Town Hall Meetings Frequently Asked Questions

  • What expectations are there for reductions if the tax measures are not sustained in the January 2010 election?
    If the legislatures tax measures are not sustained in the election, there could be a possible reduction of $730 million, which could mean additional cuts to the College budget. If the tax measures are not sustained, the legislature will have to determine what areas of the budget to reduce to make up that deficit. Community colleges could receive up to a $24 million reduction. Community college funding represents 3% of the 2009-10 State budget. 
  • Explain the voting for tax measures 66 and 67 in the January 2010 election.
    To sustain the legislators actions to increase the corporate minimum tax for businesses and increase tax rates on household incomes above $250,000, a voter must vote yes. To overturn the legislators actions, a voter must vote no. 
  • What is the worst case scenario if the tax increases are not sustained?
    The College could experience up to a $3-million reduction in state funding. 
  • This is not the first time the College has been through this, and we survived. What is different this time?
    Three things make this a very serious situation with unknown variables making it difficult to plan:
    1. The January 2010 election 
    2. The possibility of the economic crisis worsening and the legislature determining in February 2010 that there will be more reductions to the community college budgets 
    3. The Colleges estimated ending fund balance of less than $900,000

  • How do we communicate this message internally and externally? How do we make the connection between the state cuts and implications to the College?
    • Education and communication 
    • Transparency and training employees to become knowledgeable about the budget 
    • Periodic updates on the financial situation 
    • Creation of an Audit committee and a Finance Advisory committee 
    • Additional responses are available at

  • How can we best learn more about the budget to minimize rumors?
    JoAnn Zahn has already been working with faculty groups to increase transparency. This will continue with employees college-wide. 
  • Can we run a campaign to message this to the community?
    No. The College does not have money to spend on a campaign. We will rely heavily on the Oregon Community College Association for messaging to the legislators, partnering with our K-12 schools and providing information at community meetings and on our Web site. Additional responses are available at 
  • What role will the MHCC District Board of Education play in getting the message out to the community?
    • The Board passed a resolution at the last Board meeting in favor of sustaining the tax increases. 
    • The Board will determine other ways it can communicate with the community. 
  • How are the monies received for Go Oregon and other stimulus dollars being used?
    These stimulus dollars are one-time monies for improvement of facilities. They dont replace the operating and personnel funds that have been reduced at the state level. 
  • Why do we need program reviews?
    We have more students and increasing revenues from tuition, but the Colleges cost of instruction is one of the highest in the state. To ensure we are meeting the needs of the community, it is important to review programs, not for elimination, but to enhance those that are working well and improve/re-invent those that are not. Strategic planning is key in this process.
  • How much lower can the ending fund balance go before catastrophe hits? Is having a $900,000 reserve REALLY critical?
    • There is no guarantee things will get better, and it is imperative to do everything we can to work through the processes and begin pointing the arrows up. 
    • It is imperative to spend within available resources. The College anticipates $22.6 million in FY 2009-10 from state support. Approximately 80 percent of the general fund budget is salaries and benefits. The average monthly payroll is more than $3 million. 
    • If there is a major catastrophe, there would be no funds to cover it, so the ending fund balance has to be increased to protect the College. As an example, the windstorm last year cost the College $100,000 to clean up the trees that were blown down.

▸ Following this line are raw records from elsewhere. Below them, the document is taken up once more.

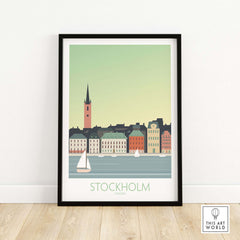 Stockholm Print Sweden Poster featuring colorful buildings and a sailboat on water, perfect for travel art decor.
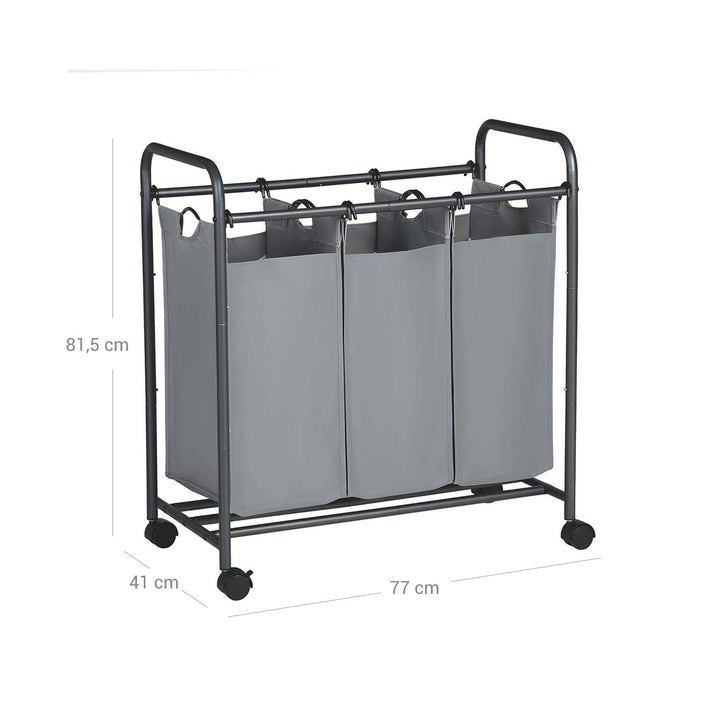 3 Bags Laundry Cart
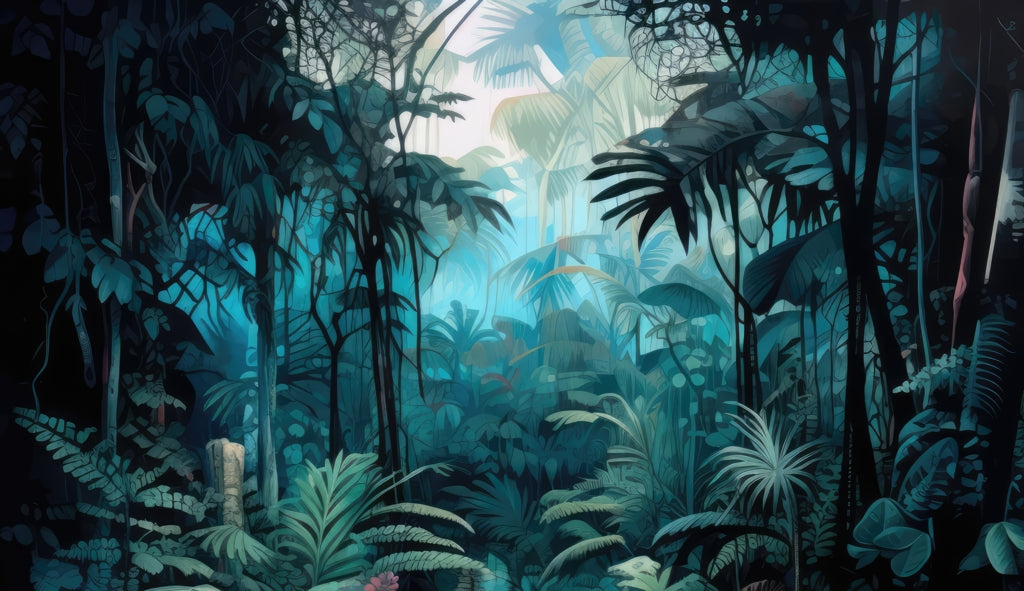 Deep in the jungle - Turquoise Gaming Mat for Home Decor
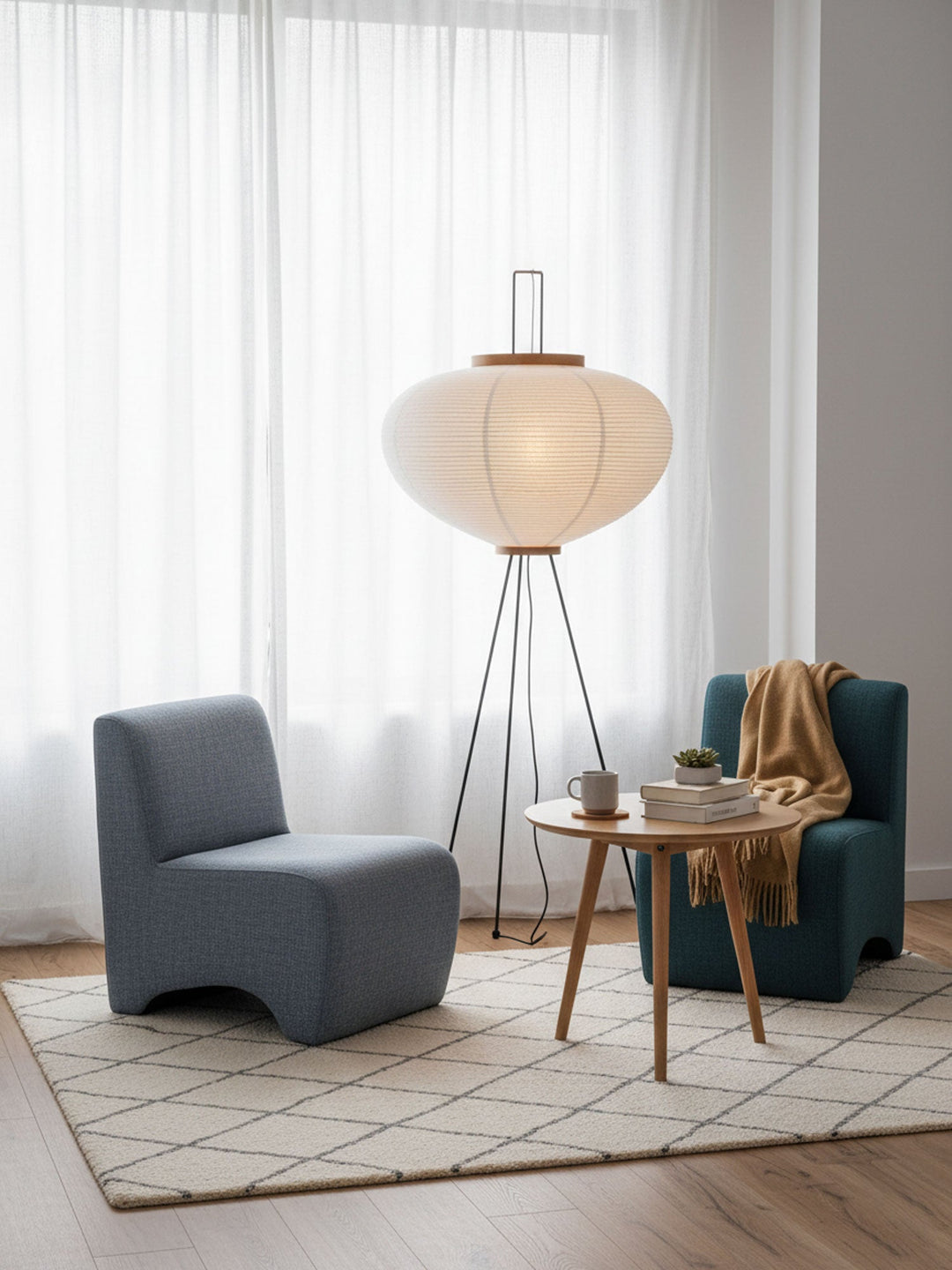 Rice Paper Floor Lamp Lantern on Tripod Legs 47.2 in Set of 2 5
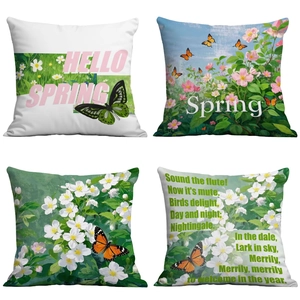 Frühling Schmetterling Blumen Kissenbezug Kurzsamt Dekorativer Kissenbezug Für Sofa Wohnzimmer Heimdeko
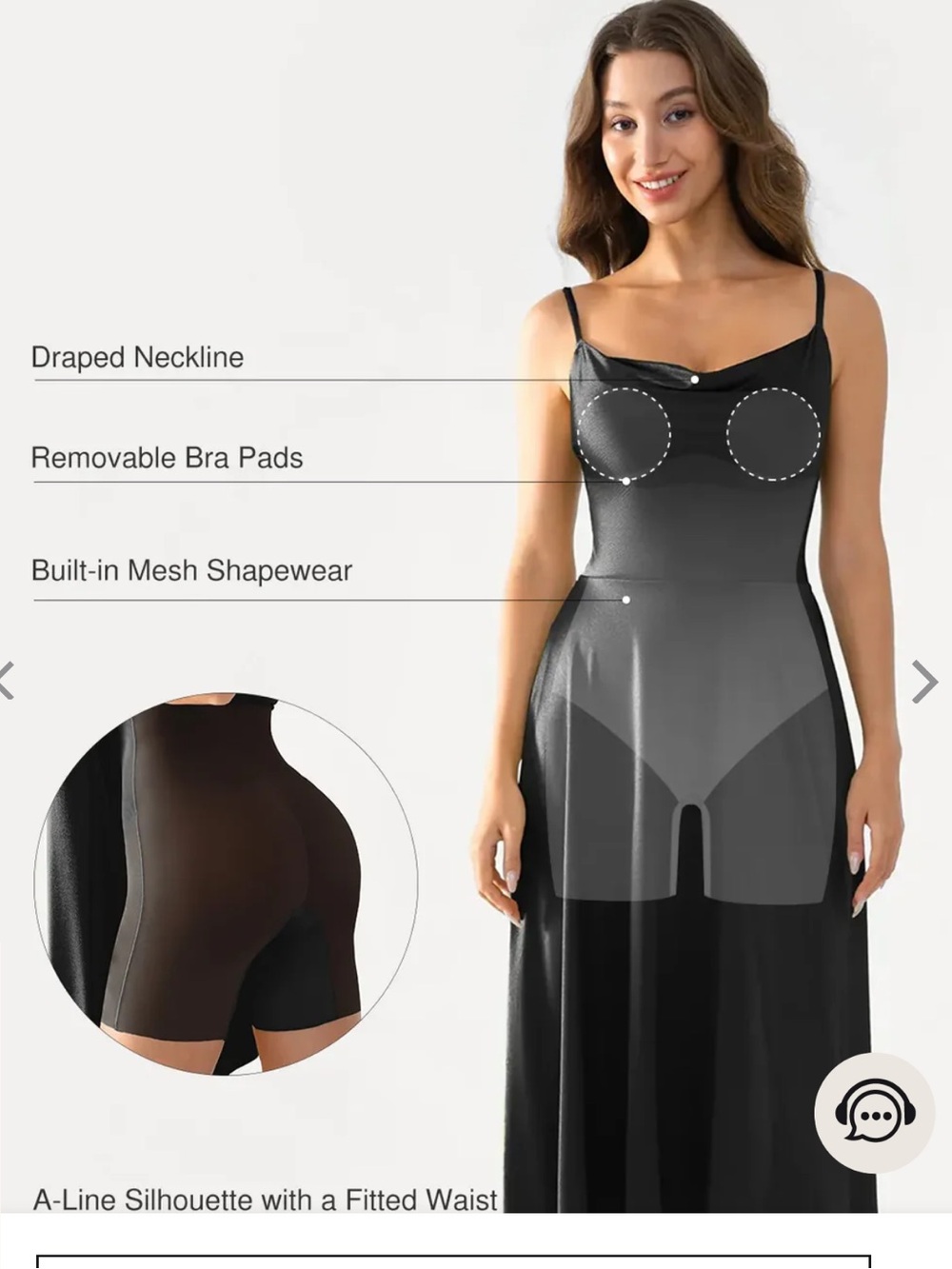 popilush Shapewear Strappy Cowl Neck Fit & Flare Midi Dress L . NWT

  • How do we manage our resources effectively?
    We have to manage the resources we have more effectively. With a $52 million budget, $22.6 million from the state and approximately 80 percent expended for salaries and benefits, we need to make responsible decisions and manage our limited resources in a more strategic way. 
  • How are other community colleges around the state dealing with this?
    All of the community colleges are struggling at this time, but I do not have any specific information on how they are dealing with it. We are all affected by the state cuts; however, our ending fund balance is the lowest in the state, which makes it worse for us. 
  • Discuss our electrical and seismic issues in greater detail?
    • Electrical conductors installed from 17th Street to the Gresham Campus spine more than 40 years ago were put in without conduit and are beginning to fray. Portland General Electric (PGE) estimates it will cost $2.2 million to replace the faulty equipment and wiring. 
    • Senate Bills 2-5 (2005) established a seismic rehabilitation program for public education buildings and emergency services buildings in the State of Oregon. Senate Bill 3 established the grant program to make funds available for seismic rehabilitation. Senate Bill 4 established the completion date for public education buildings as January 2032. 
    • The City of Gresham is working with our facilities personnel to identify the thresholds of changes we make in our remodeling projects that will require seismic upgrades. 
  • Of the 80 percent spent on salaries, what is the breakdown for full- and part-time faculty, administrators/managers/confidential and classified groups?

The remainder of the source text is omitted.